On multiplicative recurrence along linear patterns

TL;DR

This paper characterizes when certain rational linear patterns are recurrence sets for multiplicative actions, extending previous results and establishing conditions under which these sets exhibit recurrence properties.

Contribution

It fully characterizes integer quadruples for which the associated sets are recurrence sets, generalizing prior results and applying to finitely generated multiplicative actions.

Findings

Complete characterization of quadruples (a,b,c,d) satisfying the recurrence condition.

Extension of previous results on the pair (n,n+1) to broader linear patterns.

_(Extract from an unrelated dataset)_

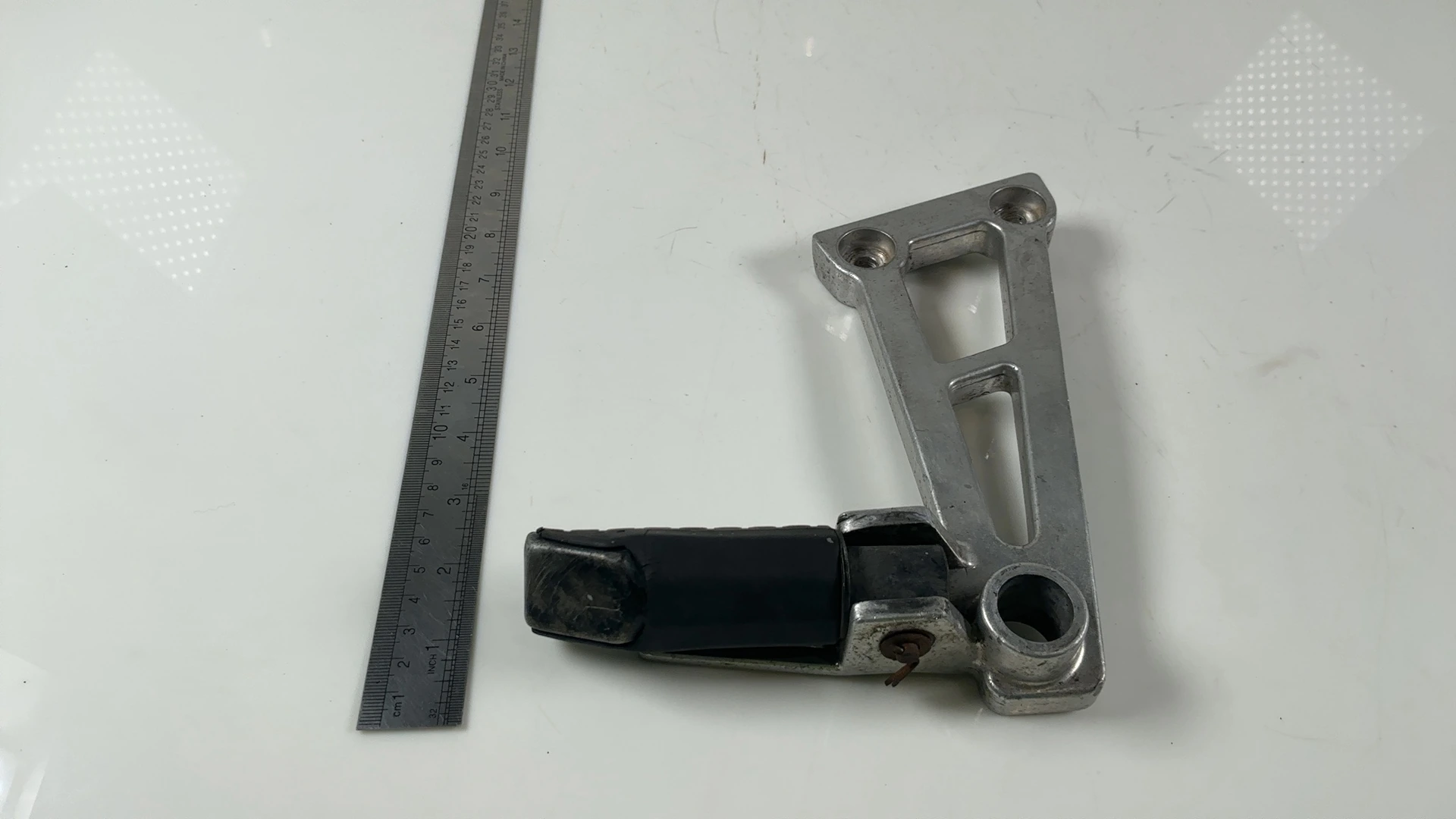Honda NSR125 JC20 125cc Rear Right Pillion Footrest Hanger 1988-94 50711-KY4-000 - Image 4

Proof that these sets are recurrence sets for finitely generated actions.

Abstract

In a recent article, Donoso, Le, Moreira and Sun studied sets of recurrence for actions of the multiplicative semigroup $(\mathbb{N}, \times)$ and provided some sufficient conditions for sets of the form $S=\{(an+b)/(cn+d) \colon n \in \mathbb{N} \}$ to be sets of recurrence for such actions. A necessary condition for $S$ to be a set of multiplicative recurrence is that for every completely multiplicative function $f$ taking values on the unit circle, we have that $\liminf_{n \to \infty} |f(an+b)-f(cn+d)|=0.$ In this article, we fully characterize the integer quadruples $(a,b,c,d)$ which satisfy the latter property. Our result generalizes a result of Klurman and Mangerel concerning the pair $(n,n+1)$, as well as some results of Donoso, Le, Moreira and Sun. In addition, we prove that, under the same conditions on $(a,b,c,d)$, the set $S$ is a set of recurrence for finitely generated actions of $(\mathbb{N}, \times)$.